I need some help remembering a sacred work by Rossini. All I remember about it was that it concerned Christ's Second Coming.

Thanks for helping me remember!


----------



## Bix (Aug 12, 2010)

Chopin_Fan777 said:


> I need some help remembering a sacred work by Rossini. All I remember about it was that it concerned Christ's Second Coming.
> 
> Thanks for helping me remember!


This is very tricky as Rossini wrote quite a bit of sacred music and cantatas - you can rule out tantum ergo and the masses as they don't speak so much of the second coming.
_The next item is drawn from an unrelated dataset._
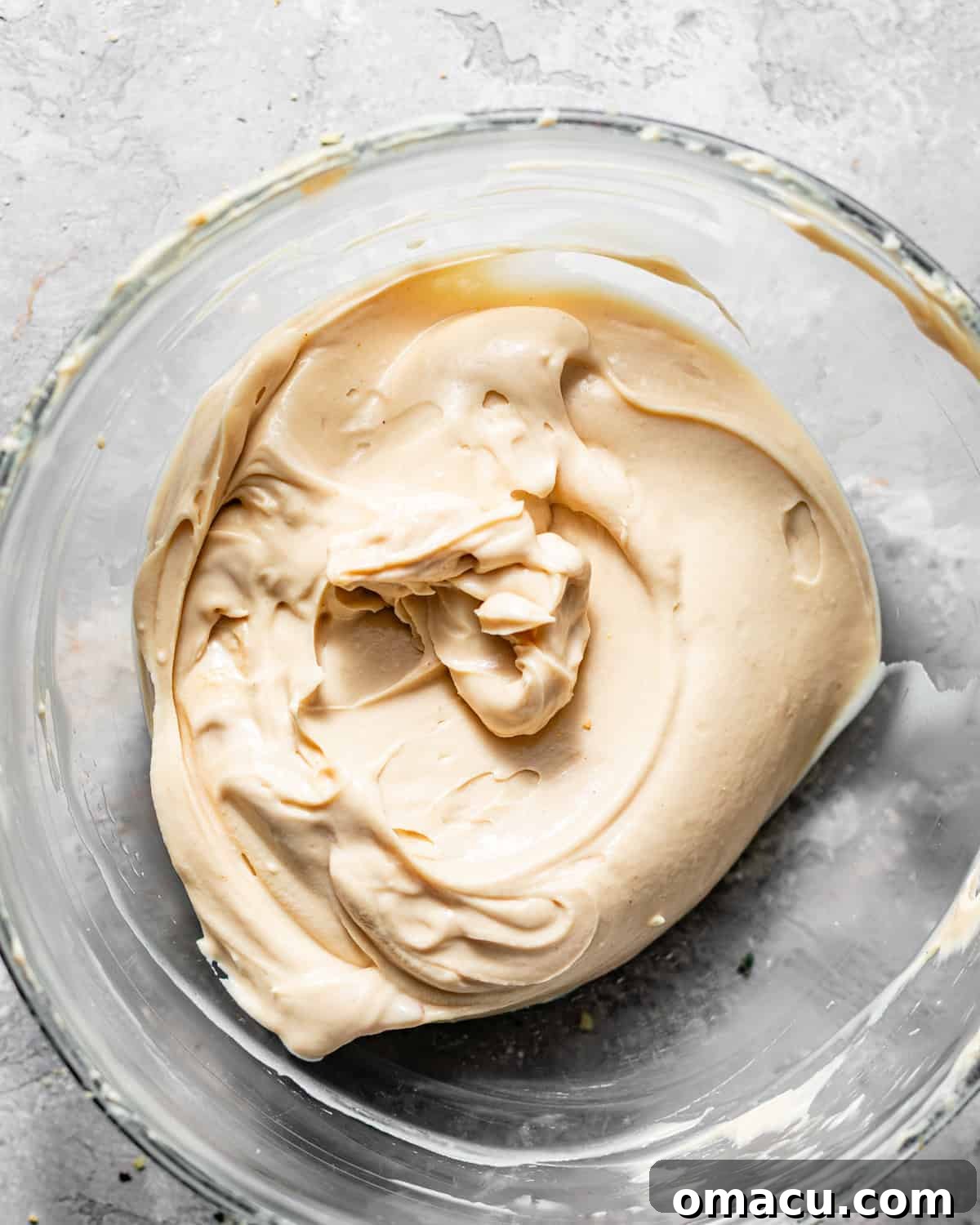 Creamy white cream cheese filling perfectly mixed in a bowl, smooth and ready for the pumpkin pound cake.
There is an opera by Rossini that is based on Saint Adelaide of Italy, also called Adelaide of Burgundy called Adelaide di Borgogna. She predicted that the second coming of Christ would be in the first millenium AD, but died a number of days before thought event.

http://en.wikipedia.org/wiki/Adelaide_di_Borgogna

I don't know if the oveture will help jog your memory but here it is.


----------



## Chopin_Fan777 (Apr 22, 2010)

Bix said:


> This is very tricky as Rossini wrote quite a bit of sacred music and cantatas - you can rule out tantum ergo and the masses as they don't speak so much of the second coming.
> 
> There is an opera by Rossini that is based on Saint Adelaide of Italy, also called Adelaide of Burgundy called Adelaide di Borgogna. She predicted that the second coming of Christ would be in the first millenium AD, but died a number of days before thought event.
> 
> ...


Thanks for the reply. Actually, my mom's the one wanting to know, and I'm helping her search.

She's absolutely sure it's not from an opera. The piece involved a chorus that sung Latin and it was about the Second Coming (specifically, the end of times).

Once again, thanks for helping


----------